А за тюремными стенами по земле уже шагала настоящая весна, в небе тянулись бесконечные караваны крикливых журавлей.
1959
Такая уж у нее доля
Он вступил в тот счастливый возраст, когда золотое детство осталось позади и каждому серьезному и солидному человеку уже стоит подумать о женитьбе, о том, чтобы собственной семьей обзавестись.
Тем более что парубок он был красавец, и вряд ли нашлась бы такая дивчина, которая бы отвернулась от вдумчивого взгляда его черных глаз, не засмотрелась на бархатные, изогнутые дугою брови.
Но времечко стояло такое, что было не до любви, не до ухаживаний. А о женитьбе вообще нечего было думать. К тому же у нашего парубка не имелось ни хаты, ни полхаты, ни вообще какого бы то ни было пристанища. Вся его собственность состояла из звонкой белорусской фамилии — Дзелендзик — да густой, как мурава, украинской шевелюры. Правда, имелось кое-что и еще у Дзелендзика, но он не считал это своим добром. Сапоги на нем были трофейные, штаны тоже, рубаху он выпросил в каком-то селе у сердобольной бабуси, сын которой, бог знает, вернется ли с фронта; полинялую фетровую шляпу подобрал тоже где-то случайно. Кто знает, каким чудом попал к нему и гуцульский кептар[6] на котором давно уже вытерлась замысловатая вязь вышивки. Одежину эту он, очевидно, очень любил, потому как не снимал ее ни зимою, ни летом. Да и то сказать: снимешь, положишь, а возьмешь ли потом? Поэтому Дзелендзик знал: всегда себя спокойнее чувствуешь, если вещь на тебе.

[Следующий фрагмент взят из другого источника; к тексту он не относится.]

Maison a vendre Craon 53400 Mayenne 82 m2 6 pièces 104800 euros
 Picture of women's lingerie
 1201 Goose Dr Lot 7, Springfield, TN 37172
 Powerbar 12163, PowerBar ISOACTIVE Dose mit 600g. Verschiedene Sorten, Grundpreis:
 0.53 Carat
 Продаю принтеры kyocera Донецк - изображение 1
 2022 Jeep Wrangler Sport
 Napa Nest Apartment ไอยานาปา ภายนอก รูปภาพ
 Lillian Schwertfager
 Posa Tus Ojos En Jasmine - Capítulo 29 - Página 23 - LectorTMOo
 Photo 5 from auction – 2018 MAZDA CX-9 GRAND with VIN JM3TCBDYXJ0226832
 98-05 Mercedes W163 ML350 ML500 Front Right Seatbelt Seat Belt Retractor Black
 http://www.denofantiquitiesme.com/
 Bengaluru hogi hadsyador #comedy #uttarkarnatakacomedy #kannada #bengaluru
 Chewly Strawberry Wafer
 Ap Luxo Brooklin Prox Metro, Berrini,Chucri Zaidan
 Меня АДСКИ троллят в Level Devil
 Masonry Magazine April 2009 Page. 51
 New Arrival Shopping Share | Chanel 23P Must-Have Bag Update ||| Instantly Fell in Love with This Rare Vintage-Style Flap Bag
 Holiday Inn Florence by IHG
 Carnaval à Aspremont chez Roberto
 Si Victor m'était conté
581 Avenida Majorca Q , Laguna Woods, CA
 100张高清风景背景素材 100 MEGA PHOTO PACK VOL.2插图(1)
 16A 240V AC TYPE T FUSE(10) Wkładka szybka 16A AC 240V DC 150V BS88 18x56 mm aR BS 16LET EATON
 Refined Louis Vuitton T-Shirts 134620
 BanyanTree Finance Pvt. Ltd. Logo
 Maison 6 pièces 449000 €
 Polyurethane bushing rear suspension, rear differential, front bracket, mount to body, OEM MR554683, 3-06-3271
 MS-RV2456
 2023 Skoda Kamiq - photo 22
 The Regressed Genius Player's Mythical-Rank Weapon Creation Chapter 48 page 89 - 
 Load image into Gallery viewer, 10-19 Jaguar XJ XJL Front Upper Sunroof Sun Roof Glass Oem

Он бы и вовсе походил на гуцула, если бы на груди не висел автомат, а слева на боку кобура трофейного пистолета. Справа Делендзик таскал большую брезентовую торбу, вмещавшую немало всяческой всячины. Все это, однако, тоже Дзелендзику не принадлежало, да и никакой ценности для человека не представляло. В торбе хранились разного рода запалы к минам, острогубцы, молоток, зубило, саперная лопата, бикфордов шнур, мотки проволоки различных сечений, отвертка и еще много такого, что всегда пригодится не кому-нибудь, а именно партизану-минеру.